EPHRATA — While cryptocurrency is causing all the buzz, other customers are being attracted to Grant County by, among other things, inexpensive electricity. That’s according to a quarterly power delivery report at Tuesday’s meeting of the Grant County PUD commissioners.

The PUD got a flood of new applications in summer and fall 2017, many of them from people and businesses involved in cryptocurrency. Some were requests, some were inquiries, but filling all of them would’ve used up all the PUD’s available generation capacity. In light of that, utility district officials stopped working on new customer requests until employees worked out a new rate class for "emerging industries," like cryptocurrency.

But not all of those requests were cryptocurrency. “There’s a group of 28 that are considered general customers,” said Russ Seiler, an engineer with the PUD. Of those 28 proposed projects, 15 are “distribution size,” Seiler said, ranging between one and 10 megawatts. “These would be projects that don’t require any substation work.” Those are located in Quincy, north of Moses Lake in the Larson area, in the Moses Lake municipal area, and in Warden.

Five projects might "require a new transformer in an existing substation.” They are in the Quincy and Moses Lake areas. “It’s not as complicated as a brand new substation, because you have an existing footprint you’re expanding, but you are getting into a bigger project.”

The remaining eight are new substations, including two in Quincy, one near Royal City and five of varying sizes north of Moses Lake. “You’re seeing your megawatts go up,” Seiler said.
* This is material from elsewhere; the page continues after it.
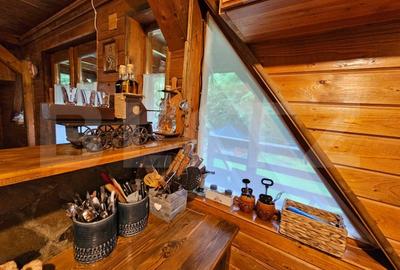 Casa de vacanta cu 4 camere,3300 mp teren,Valisoara - 14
The two biggest requests are for 20 megawatts each, both in Quincy.

Three of the new substations north of Moses Lake would power pumps for the expansion of surface irrigation water into the Odessa subarea.
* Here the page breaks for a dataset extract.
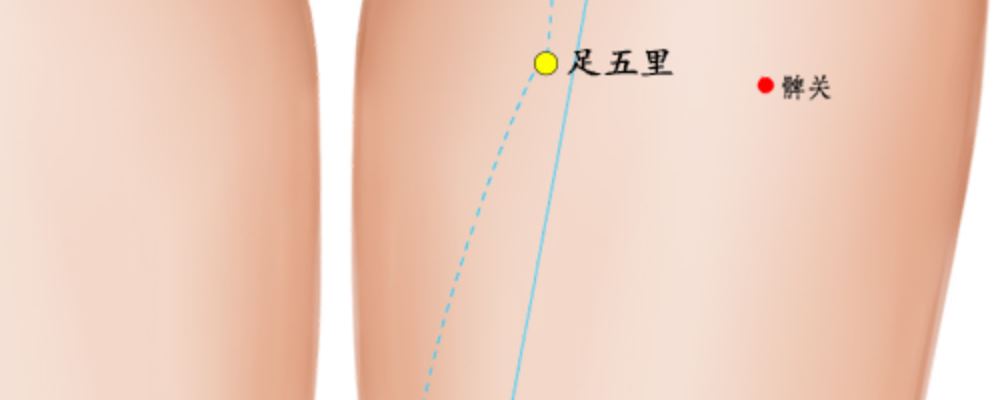 足五里穴位的準(zhǔn)確位置圖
“This body of 28 (proposals) represents 205 megawatts of requests,” Seiler said. “Were this to all get processed through, you’re talking about increasing the load on the system by fully a third, or better than a third.”

“We don’t actually necessarily have applications submitted for these?” asked commissioner Bob Bernd.

Seiler said those customers haven’t applied because the PUD wasn’t taking new applications. “They’ve expressed interest – it’s not that haven’t wanted to apply,” said chief executive officer Kevin Nordt. “These aren’t speculative that you’re guessing these are coming.”

Once applications are being accepted, they’ll be reviewed before being passed on to the PUD’s engineering department. Once they get that far, “the plan is to take the full body of applications that come through,” Seiler said. At that point, customers will get some estimates of cost and how long the project would take to finish.